Closed synctext closed 6 years ago
@synctext simulated network in local machine without port limit
It is almost done, I give the active walker with fake network endpoint, hence in the active walker's view, it is connecting to a real network(In other words, I deceiving the walker, make it believe it is walking in real network). So, I don't need to change the logic of the walker.
For Simulated network, we generate only node id list, and store the node id, private key and fake ip and port in database.
Every time the real walker (i.e. active walker) wants to take a step, it sends the message to a fake address and the simulated network will translate the address to node id and then generate the links and multichain-blocks on this node using determinstic random seed generated beforehand. (in other words, links are generated "on the fly", there is no node instance or link instance stored in memory, I store the node-id/(ip,port) lookup table in database to save memory, but I can also move that into memory)
I am doing the experiment and will uploads some figures later.
Since today is 3 July and the next meeting is in 18 July (still 15 days to go...), can we have a 5-10 minutes drop-in meeting before that? (If you like, we can meet after 5:30 PM of any days)
Number of Honest/evil nodes the walker meet:
Just as expected: 40% of the nodes in network are honest and 60% are evil, hence in long run, the nodes meet by the walker consist of 40% honest nodes and 60% evil nodes
@synctext 1.The database is removed, the node id and address lookup table is in memory now. 2.Now it can specify how many attack edge I want.
solid progress! Cool experiment: how much contact with evil nodes for certain walk parameters and attack strength.
Xaxis amount of attack edges. from just a few to twice more attack edges than honest nodes...
Yaxis percentage good vs. evil nodes discovered 0% evil to 100% evil
several line colors for random walk: black 40% reset back to home (alpha), blue 30%, green 20, red 10%. So red gets random walks across trust edges of length 10, far in evil sybil region.
Interesting and easy to program?
each dot in graph is an experiment. Say several dozen points to see trends?
@synctext Ok, doing experiment, will contact you after I got the results and graphs
@synctext
I try the reset possibility of 10%,20%,30%,40%. Only 40% shows significant effect on preventing visiting evil neighbors (but only in the scenario in which there are not too many attack edges).
So I also try reset possibility of 100% (which is the current policy of dispersy walker). And... yes, high reset possibility can prevent visiting evil neighbors (at the cost of low neighbor discovery efficiency, with same steps, walker with high reset possibility discover less blocks)
The above experiment always has 400k honest nodes and 600k evil nodes for each run. Fascinating, you don't discover all honest nodes anymore if there is such an overwhelming amount of attack edges.

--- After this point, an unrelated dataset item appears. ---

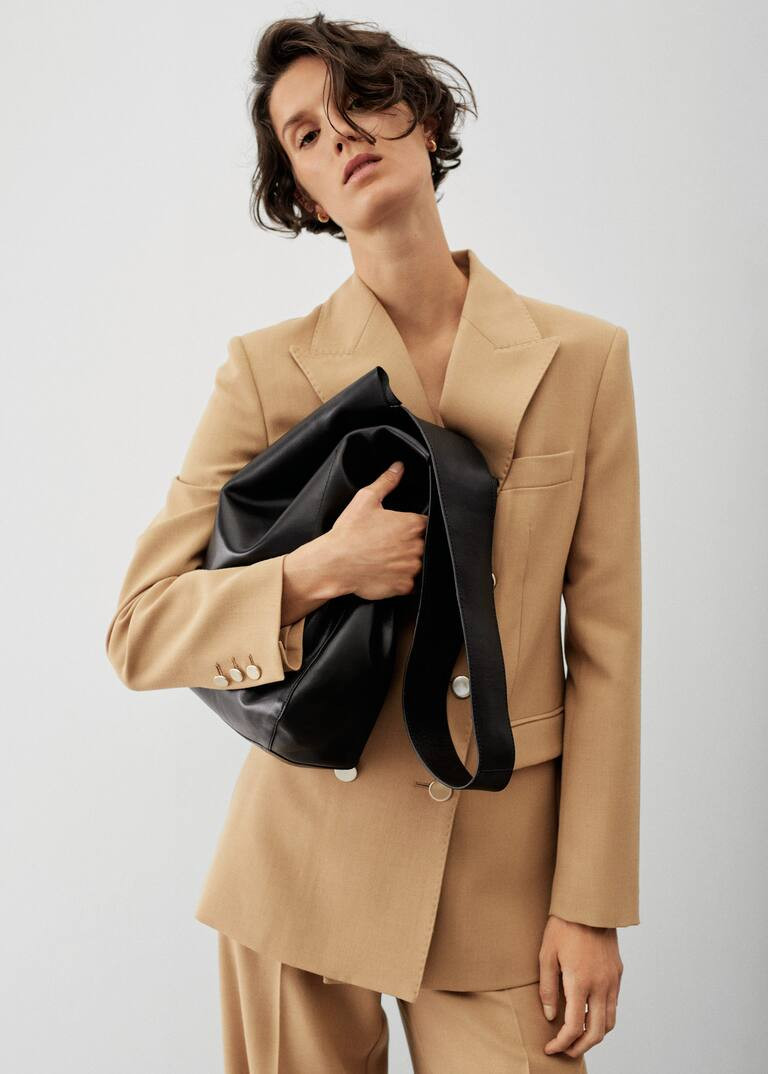 Leather shoulder bag -  Women | Mango USA | MANGO (US)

Next step: thesis chapter Problem Description + intro.
Problem Description
sidenote. Majority attacks are real for network maintenance and protocol upgrades.
@synctext Since there is over one month before our next meeting, I think I can write more than Problem Description and Introduction: The core of the thesis is protection against some evil behavior by using transitive trust, we can tell the story like:
A brief introduction to current dispersy walker protocol (already finished a few months ago as your request).
Analyze the weakness of current protocol.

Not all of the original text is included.